Former Facebook employee and current enfant terrible of high finance Chamath Palihapitiya is making news again with a $1.3 billion twofer SPAC and PIPE deal into the solar energy financing company, Sunlight Financial.
Sunlight Financial is essentially a lending company that gives solar installers a way to provide loans to homeowners to finance solar power and battery installations and other home improvement projects.
While it may be another indication of the Roaring ’20s come back to haunt global financial markets in the lead-up to a catastrophic meltdown of the global financial system, there’s at least some method to the madness with Sunlight.
That’s because there’s a lot of tailwinds behind a business that’s lending money to provide better access to solar power, energy storage and energy efficiency upgrades.
The investment, alongside Coatue, Franklin Templeton and BlackRock, will value the lender at $1.3 billion. A healthy figure, but one that’s not astronomical, especially given the $705 million in financing that Sunlight Financial has raised over its history, according to Crunchbase.
As Alex Wilhelm noted earlier today, Sunlight Financial would have likely tapped public markets sooner or later, given a pretty solid financial performance — even during the pandemic:
Looking at the numbers, it’s somewhat clear that the company could have gone public in a year or two; another year’s growth, and it would have had enough revenue to pursue a traditional debut. Via this SPAC-led deal it will get out sooner and have more cash while it scales. Perhaps that is the value of the SPAC here for Sunlight.
Sunlight also has the benefit of being a publicly traded renewable energy play at a time when those companies are in short supply and high demand from institutional investors.
Over the course of 2020, big money moved to find ways to support businesses that can help mitigate the effects of climate change or slow the rapidly warming temperatures on the planet.
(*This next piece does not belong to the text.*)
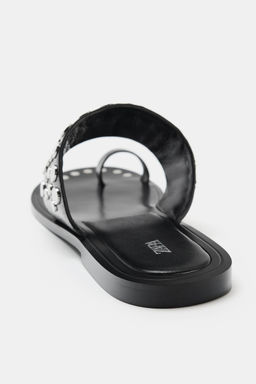 SANDALIA PLANA PIEL TACHAS / Negro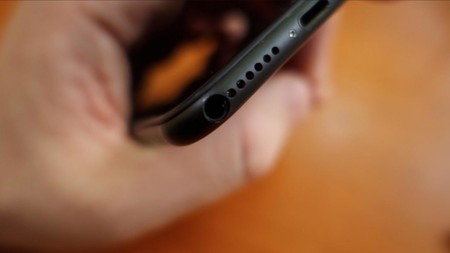Este técnico se las ha ingeniado para añadir una conector jack al iPhone 7, y funciona perfectamente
“Industry commitments to mitigate climate change risk is providing investors with visibility that there is momentum among decision-makers to drive change,” said Richard Manley, the managing director and head of sustainable investing at CPP Investments, in an interview last year. “There’s an appreciation within the public markets that the exciting transition solutions either within core operating subsidiaries or investments in the VC arms of corporate companies haven’t provided public equity investors the really focused opportunities they’ve wanted.”
With the launch of Palihapitiya’s latest SPAC, that trend seems set to continue in 2021. As Rob Day, a longtime investor in climate tech wrote in a direct message late last year:
“[The] current wave [of SPACs] is because over the past 24 months the institutional investor universe has come fully into believing that climate solutions are going to be a major growth area in the 2020s and beyond, but they weren’t seeing options available to them for investing into,” according to Day.
“The available publicly traded ‘green’ companies were already getting really bought up, and the private equity options were underwhelming as well (smallish in the case of VC, low returns in the case of large-format projects). Throw in a Robinhood market of retail investors with a lot of enthusiasm for EVs and such, and you have a nice recipe for this to happen.”